[Start of Attachment]

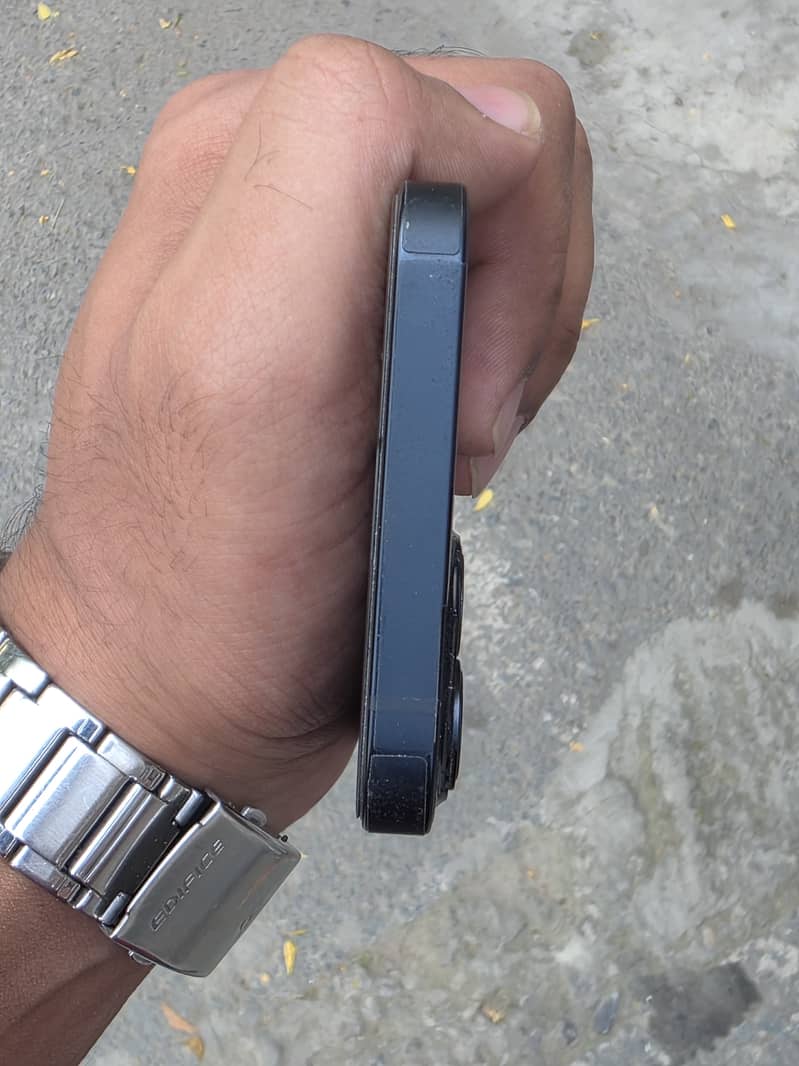 Apple iPhone 13 4
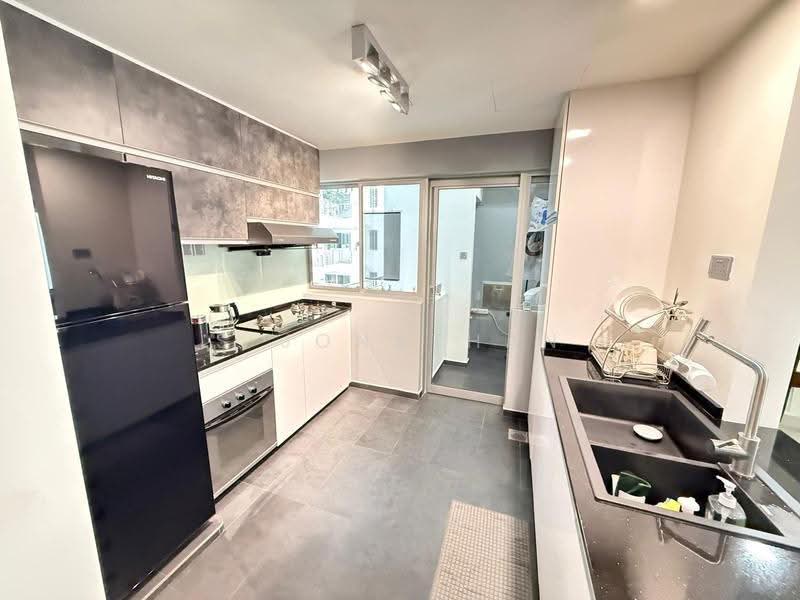 Grandeur 8, 14 Ang Mo Kio Central 3, Ang Mo Kio / Bishan / Thomson, 3 Bedrooms, 1,227 sqft, Condominium For Sale, by S Jonathan, 500254994 - Kitchen - PropertyGuru.com.sg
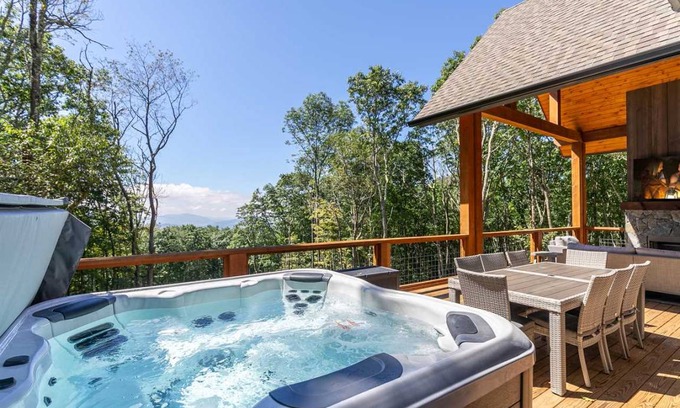 Banner Elk Cabin | Cabin ∙ 3 bedrooms ∙ 8 guests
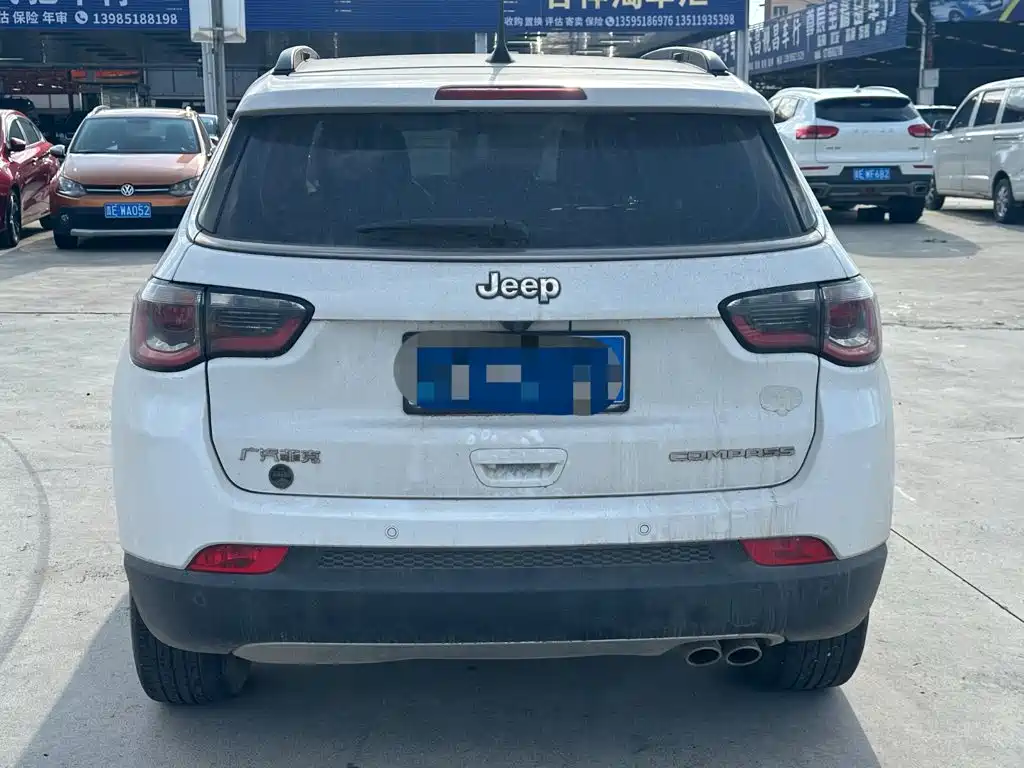 Jeep Compass — фото 4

[End of Attachment]

### Exercise brief
All of the data must be set down exactly, with no pictures included.

### Answer to the problem
 Apple iPhone 13 4
 Grandeur 8, 14 Ang Mo Kio Central 3, Ang Mo Kio / Bishan / Thomson, 3 Bedrooms, 1,227 sqft, Condominium For Sale, by S Jonathan, 500254994 - Kitchen - PropertyGuru.com.sg
 Banner Elk Cabin | Cabin ∙ 3 bedrooms ∙ 8 guests
 Jeep Compass — фото 4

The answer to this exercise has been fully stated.